To investigate the effect of skin pre-treatment with 40% ethanol in water on transdermal delivery of progesterone from EFME, the equilibrated skin was treated with non-medicated 40% ethanol for 3 hours, at the end of which the donor compartments were dried with a tissue paper. The medicated EFME was loaded into the donor, and the experiment was completed as before.

Chromatography

The drug content of each sample was determined using a high-pressure liquid chromatograph (WatersTM 600 controller, USA) equipped with an automatic sampling system (WatersTM 717 Plus Autosampler, USA). Detection was performed at 240 nm, using a variable wavelength UV-Vis detector (SPD-10 AV, Shimadzu, Kyoto, Japan). The whole system was controlled by acomputer. Separation employed a reversed-phase column 15 cm × 3.9 mm (i.d.) C18, μ BondapakTM, Waters, with an average particle size of 10 μm. The mobile phase was comprised of acetonitril and water (60:40) flowing at 1 ml/min. Prednisolone acetate was used as the internal standard. The chromatographic data analysis was performed with the MilliniumTM Program (Waters, USA).

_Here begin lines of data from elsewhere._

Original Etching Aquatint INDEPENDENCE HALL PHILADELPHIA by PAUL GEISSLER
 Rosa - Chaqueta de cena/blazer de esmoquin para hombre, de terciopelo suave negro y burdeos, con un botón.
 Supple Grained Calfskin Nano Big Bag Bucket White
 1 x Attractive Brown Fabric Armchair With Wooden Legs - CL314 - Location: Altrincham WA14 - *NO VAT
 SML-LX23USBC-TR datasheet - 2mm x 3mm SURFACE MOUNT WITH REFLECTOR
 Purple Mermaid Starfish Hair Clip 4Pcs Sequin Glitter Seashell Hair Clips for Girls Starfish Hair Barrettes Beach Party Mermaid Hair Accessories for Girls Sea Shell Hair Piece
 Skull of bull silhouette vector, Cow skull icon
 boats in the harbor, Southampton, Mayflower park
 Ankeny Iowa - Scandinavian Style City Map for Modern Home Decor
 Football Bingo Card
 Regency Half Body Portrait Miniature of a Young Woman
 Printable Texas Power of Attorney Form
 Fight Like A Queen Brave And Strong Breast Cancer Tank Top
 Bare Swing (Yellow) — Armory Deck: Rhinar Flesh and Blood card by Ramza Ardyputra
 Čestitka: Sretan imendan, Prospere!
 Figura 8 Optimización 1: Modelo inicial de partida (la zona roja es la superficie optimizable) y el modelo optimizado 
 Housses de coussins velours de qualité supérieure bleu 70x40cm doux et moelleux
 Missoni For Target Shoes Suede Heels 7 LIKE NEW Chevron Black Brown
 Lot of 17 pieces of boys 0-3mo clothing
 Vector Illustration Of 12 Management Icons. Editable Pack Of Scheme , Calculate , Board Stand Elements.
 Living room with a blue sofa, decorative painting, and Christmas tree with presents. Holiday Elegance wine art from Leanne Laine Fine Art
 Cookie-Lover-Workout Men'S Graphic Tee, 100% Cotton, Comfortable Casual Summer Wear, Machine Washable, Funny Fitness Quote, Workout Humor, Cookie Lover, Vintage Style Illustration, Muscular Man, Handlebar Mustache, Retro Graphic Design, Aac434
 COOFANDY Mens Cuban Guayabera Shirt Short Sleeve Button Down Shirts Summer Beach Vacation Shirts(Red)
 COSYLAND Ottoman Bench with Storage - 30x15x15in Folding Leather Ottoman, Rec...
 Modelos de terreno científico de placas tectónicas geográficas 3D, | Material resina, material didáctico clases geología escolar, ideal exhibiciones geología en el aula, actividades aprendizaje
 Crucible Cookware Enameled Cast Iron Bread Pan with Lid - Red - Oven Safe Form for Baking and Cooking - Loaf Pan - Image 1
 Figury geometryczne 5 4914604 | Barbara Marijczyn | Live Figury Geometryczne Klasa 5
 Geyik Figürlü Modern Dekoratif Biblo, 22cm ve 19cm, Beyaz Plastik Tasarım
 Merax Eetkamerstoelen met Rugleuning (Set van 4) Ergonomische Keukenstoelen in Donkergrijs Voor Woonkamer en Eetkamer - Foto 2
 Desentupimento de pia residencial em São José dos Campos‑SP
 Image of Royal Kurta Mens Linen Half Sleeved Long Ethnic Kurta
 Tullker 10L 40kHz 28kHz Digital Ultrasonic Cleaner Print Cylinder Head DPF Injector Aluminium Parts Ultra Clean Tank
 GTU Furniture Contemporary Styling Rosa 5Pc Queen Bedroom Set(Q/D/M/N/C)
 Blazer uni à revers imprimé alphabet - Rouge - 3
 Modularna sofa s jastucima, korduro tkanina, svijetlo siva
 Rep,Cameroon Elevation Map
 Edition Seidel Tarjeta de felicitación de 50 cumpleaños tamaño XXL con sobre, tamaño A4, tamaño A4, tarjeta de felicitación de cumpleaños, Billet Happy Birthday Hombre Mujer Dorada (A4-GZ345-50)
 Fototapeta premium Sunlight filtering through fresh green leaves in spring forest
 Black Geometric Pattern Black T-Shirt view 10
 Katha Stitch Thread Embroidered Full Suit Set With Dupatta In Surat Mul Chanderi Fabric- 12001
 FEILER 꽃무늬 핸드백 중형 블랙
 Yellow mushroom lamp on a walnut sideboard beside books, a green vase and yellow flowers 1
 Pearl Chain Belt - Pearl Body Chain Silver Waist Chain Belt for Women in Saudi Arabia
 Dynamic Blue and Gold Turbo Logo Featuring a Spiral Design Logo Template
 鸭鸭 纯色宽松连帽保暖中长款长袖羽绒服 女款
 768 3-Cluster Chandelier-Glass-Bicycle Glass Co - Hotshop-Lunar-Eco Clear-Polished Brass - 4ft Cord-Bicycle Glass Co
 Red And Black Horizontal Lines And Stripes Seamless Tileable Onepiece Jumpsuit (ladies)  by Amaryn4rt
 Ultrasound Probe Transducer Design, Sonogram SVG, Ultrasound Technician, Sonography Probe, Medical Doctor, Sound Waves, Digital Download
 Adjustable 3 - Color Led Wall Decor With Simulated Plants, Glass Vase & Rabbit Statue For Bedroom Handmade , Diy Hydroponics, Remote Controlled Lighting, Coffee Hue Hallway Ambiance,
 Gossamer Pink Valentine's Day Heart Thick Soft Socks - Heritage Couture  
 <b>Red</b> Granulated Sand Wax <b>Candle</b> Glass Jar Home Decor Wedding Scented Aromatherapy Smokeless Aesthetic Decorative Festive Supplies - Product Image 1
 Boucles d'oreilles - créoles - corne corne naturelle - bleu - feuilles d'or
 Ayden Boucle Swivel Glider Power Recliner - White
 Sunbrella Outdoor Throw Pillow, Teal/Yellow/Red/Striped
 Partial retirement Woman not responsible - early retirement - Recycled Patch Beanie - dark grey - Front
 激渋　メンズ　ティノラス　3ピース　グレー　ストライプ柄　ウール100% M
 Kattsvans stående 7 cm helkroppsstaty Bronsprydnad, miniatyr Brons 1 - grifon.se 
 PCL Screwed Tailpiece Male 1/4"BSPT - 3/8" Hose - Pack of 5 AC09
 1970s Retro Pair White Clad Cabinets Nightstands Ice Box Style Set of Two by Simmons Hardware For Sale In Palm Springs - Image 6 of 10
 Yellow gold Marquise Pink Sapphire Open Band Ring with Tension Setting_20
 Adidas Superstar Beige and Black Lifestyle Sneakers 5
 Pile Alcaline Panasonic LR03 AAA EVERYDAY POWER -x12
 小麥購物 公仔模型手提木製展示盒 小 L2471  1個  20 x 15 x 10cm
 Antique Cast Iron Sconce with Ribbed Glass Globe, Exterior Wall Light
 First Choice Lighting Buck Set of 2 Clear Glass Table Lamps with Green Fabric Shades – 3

The receptor samples were transferred to test tubes spiked with the internal standard in an amount sufficient to produce a concentration of 2 μg/ml. These were vortex-mixed for 2 minutes before being loading into HPLC vials and injecting 30 μl into the HPLC.

Data analysis

The cumulative amounts of the drug permeated with time produced the permeation profiles. These profiles were used to calculate the transdermal drug flux from the slope of the regression line fitted to the linear portion of the profile. Extrapolation of this line will intercept with the x axis at a time equal to the lag time [6, 11].

Student’s t-test was used for statistical analysis.

Footnotes

Author’s Statement

Competing Interests

The author declares no conflict of interest.